The American Civil Liberties Union of Rhode Island has requested the “gag order” issued for the settlement discussions in the pension case be lifted now that plaintiffs are voting on a possible settlement agreement. In a letter delivered Friday to R.I. Superior Court Judge Sarah Taft-Carter, the ACLU said that since the “broadly written” gag order was issued to protect the confidentiality of the mediation process, it is “counter-productive and unduly intrusive on basic First Amendment values to allow it to remain in effect” now that that task is completed.

In the letter, ACLU of Rhode Island executive director Steven Brown noted that, as plaintiffs began an expedited process of considering and voting on a settlement agreement, various explanations of the agreement have circulated with no public details coming from those who know what it contains.
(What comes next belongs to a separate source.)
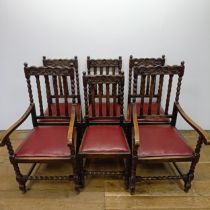 A set of six 17th centry style oak dining chairs, with bobbin turned legs (4+2)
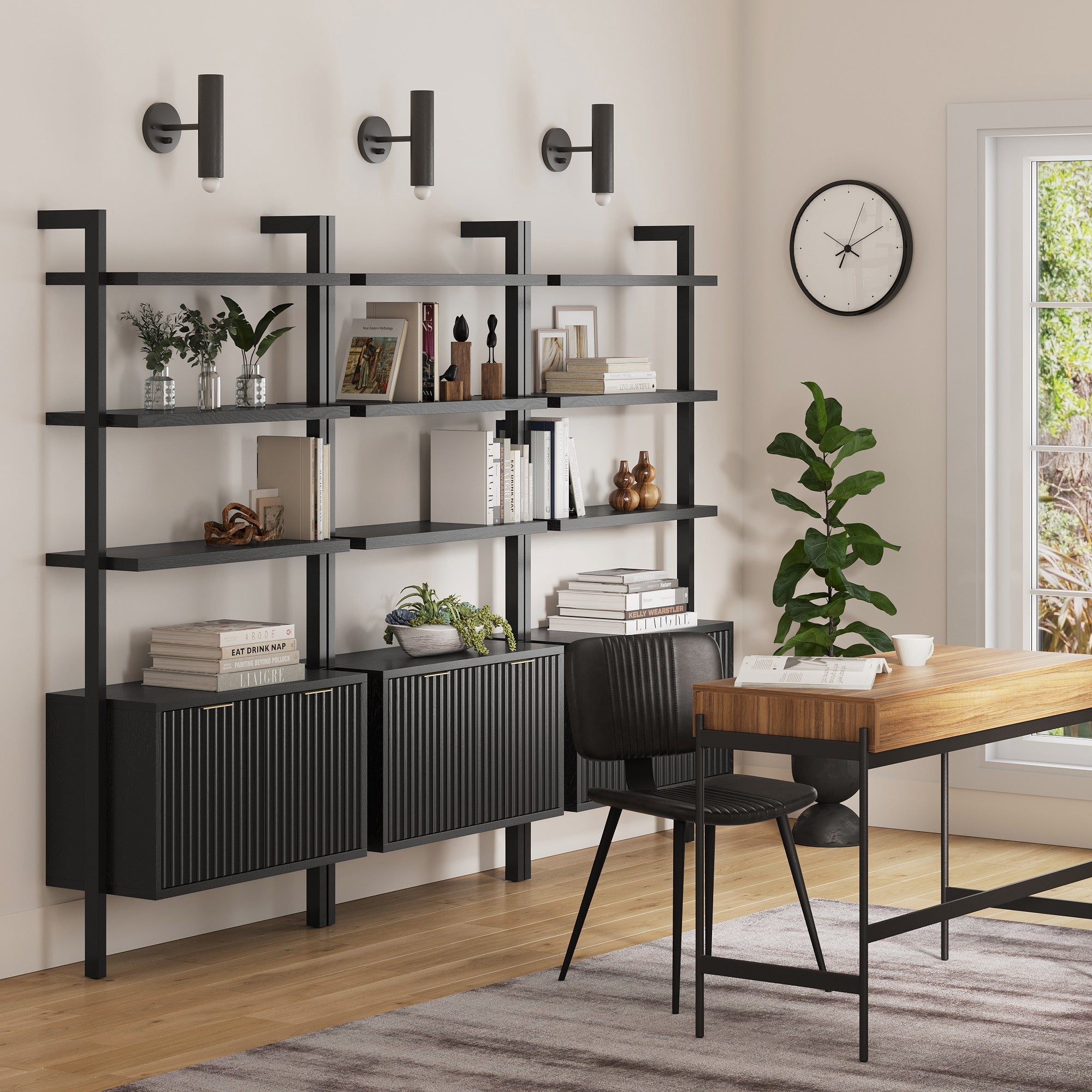 Mid-Century Fluted Wall Bookshelves with Doors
The letter stated that due to the gag order, “Both the individuals on whose behalf this offer has been made and members of the taxpaying general public who will be responsible for the costs associated with any settlement are at a distinct disadvantage: they cannot hear directly from the individuals most knowledgeable on this ‘final offer’ settlement about what it includes and what it means.”

Given the extreme public significance of this lawsuit, Brown urged Judge Taft-Carter to advance the public’s right to know by repealing the order now that a final offer is on the table.

Brown stated: “Any gag order, however well intentioned, has significant consequences for the vitality of freedom of speech. It can erode trust in the judicial process, unfairly limit the public’s right to know and, as evidenced in this instance, unnecessarily generate widespread confusion.”